Let us consider the SAT for an arbitrary CNF C. The partitioning of C is a set of formulas
$$\begin{aligned} C\wedge G_j,\quad j\in \{1,\ldots ,s\} \end{aligned}$$
such that for any \(i,j:i\ne j\) formula \(C \wedge G_i \wedge G_j\) is unsatisfiable and
$$\begin{aligned} C\equiv C \wedge G_1 \vee \cdots \vee C \wedge G_s. \end{aligned}$$
(hereinafter by “\(\equiv\)” we denote logical equivalence).

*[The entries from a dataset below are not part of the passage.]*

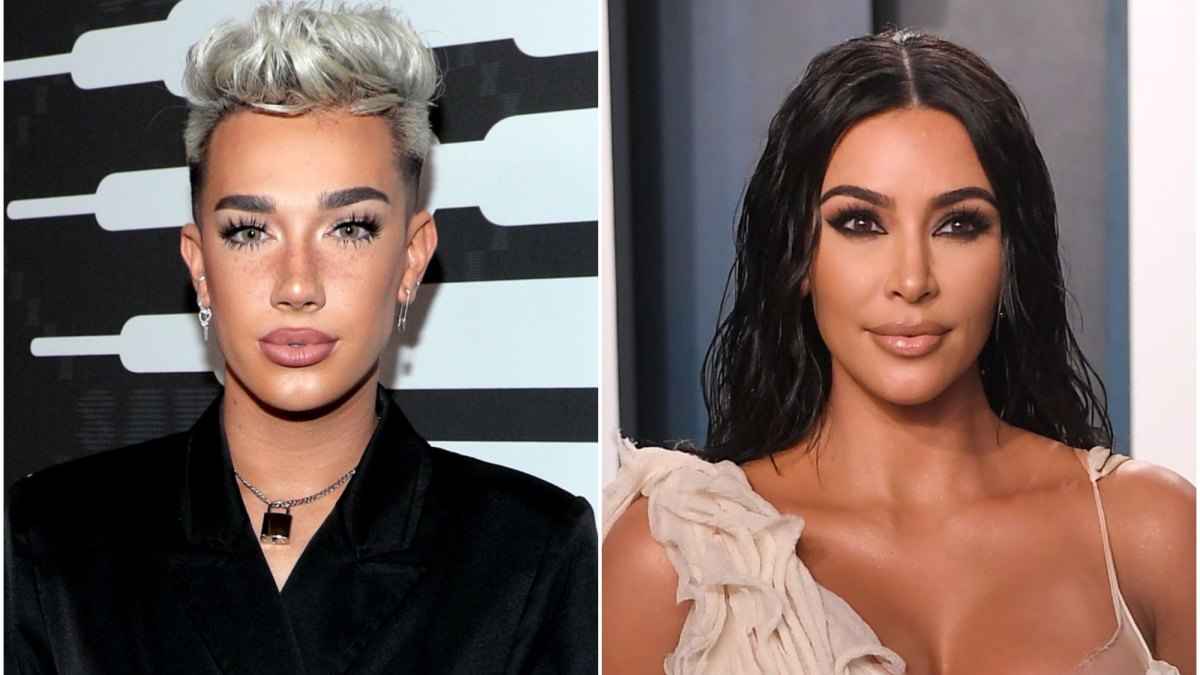 james-charles-kim-kardashian-assless-chaps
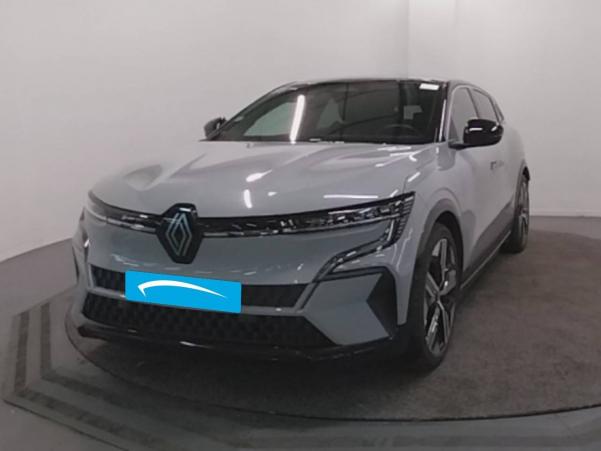 Vente en ligne Renault Megane E-Tech  EV60 220 ch super charge au prix de 26 990 €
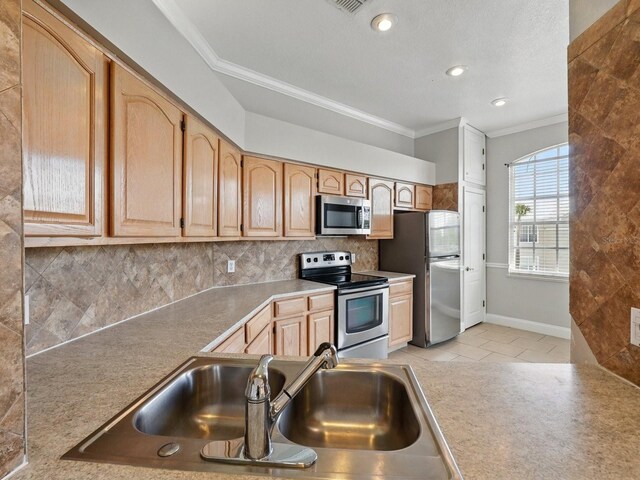 7021 Della Dr Unit 51, Orlando, FL 32819 - photo 9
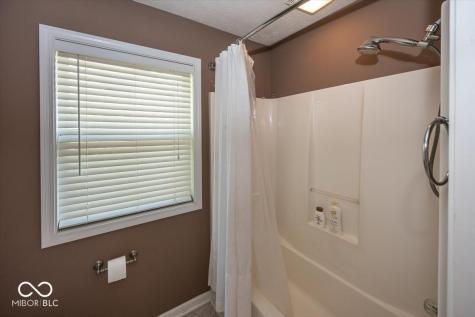 2325 N Talbott Street Indianapolis IN 46205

Obviously when one has a partitioning of the original SAT instance, SAT for formulas \(C \wedge G_j\), \(j\in \{1,\ldots ,s\}\) can be solved independently in parallel.
There exist various partitioning techniques. For example one can construct \(\{G_j \}_{j=1}^s\) using a scattering procedure, a guiding path solver, lookahead solver and a number of other techniques described in Hyvärinen (2011). Unfortunately, for these partitioning methods it is hard in general case to estimate the time required to solve an original problem. From the other hand in a number of papers about SAT-based cryptanalysis of several keystream ciphers there was used a partitioning method that makes it possible to construct such estimations in quite a natural way. In particular, in Eibach et al. (2008), Soos et al. (2009), Soos (2010), Zaikin and Semenov (2008) for this purpose the information about the time to solve small number of subproblems randomly chosen from the partitioning of an original problem was used. In our paper we give strict formal description of this idea within the borders of the Monte Carlo method in its classical form (Metropolis and Ulam 1949). Also we focus our attention on some important details of the method that were not considered in previous works.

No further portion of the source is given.